The last episode of the HBO miniseries “Generation Kill” contains a conversation between the Commander of the First Recon Battalion (nicknamed Godfather because of his voice) and the embedded reporter traveling with the Marines. Straightaway the reporter asks Godfather why he didn’t take disciplinary action against a deranged and sadistic Captain (nicknamed Captain America).
Godfather responds by telling the reporter that sometimes the boundaries of acceptable behavior are larger than expected. He compares Captain America’s irresponsible actions to the insubordinate attitude of a sympathetic character on the show and says he must trust his soldiers. His explanation highlights the fact that even though the USMC is a highly structured and disciplined organization, or at least it is often perceived that way, there’s still plenty of room for personal judgment. Which brings me to libraries. Are libraries more disciplined than the USMC? Is it easy for library staff to follow unpopular policies and procedures?
In a staff meeting the other day we reevaluated how we were handling web access guest passes for people who forgot their library card. This lead to a long, difficult and great discussion about book checkout without library cards, access to print materials vs. non-print materials, customer service, fairness, the potential of implicitly limiting access to young people without ID, protecting people’s library accounts, and the best use of staff time. More libraries don’t have user-centered policies and procedures is because writing them can be hard work. The easiest thing to do would have been to skip the whole discussion, not worry about all of that stuff, end the meeting sooner, and come up with a policy that everyone would have ignored, including me. There are too many situations that fall within the boundaries of reasonable behavior to think it would always be followed. Instead of doing this and instead of coming up with a unrealistically restrictive policy in the process, we took the time and came up with something useful.
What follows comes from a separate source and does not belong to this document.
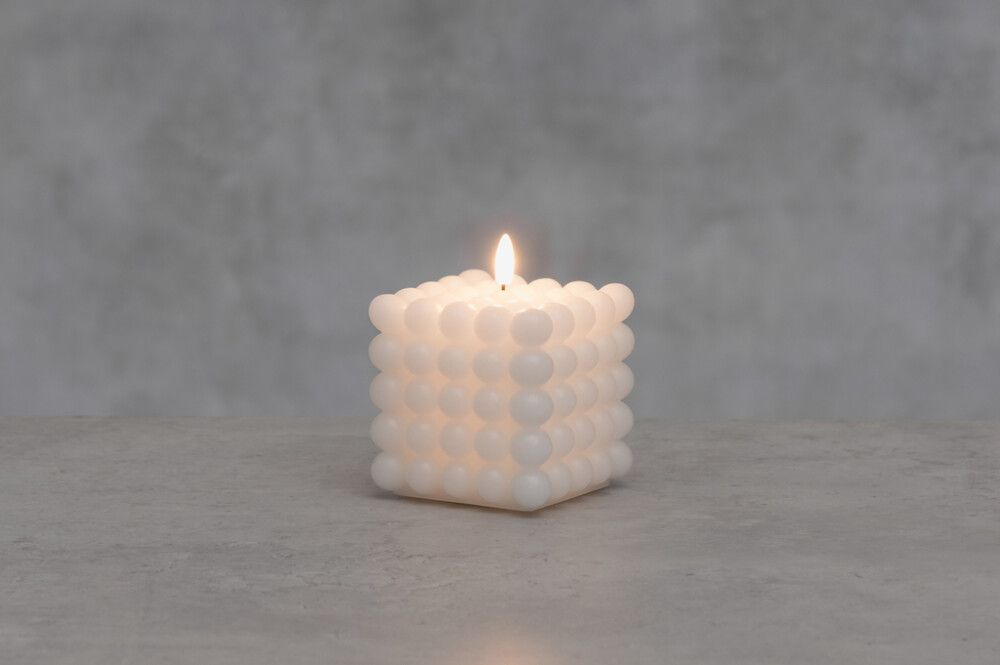 Küünal Bubble LED 3D leegiga 10 x 10 x 12,5 cm, valge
The NPPL’s staff want to provide a great customer experience. Doing things like knowing people’s names when they approach the circ desk and starting to check them out even before they have time to find their library card are a part of creating a good experience. And because we spent the time detailing exactly how we can best serve our patrons, no one has to break any rules to do it. The ability to provide good customer service is built in to our procedures.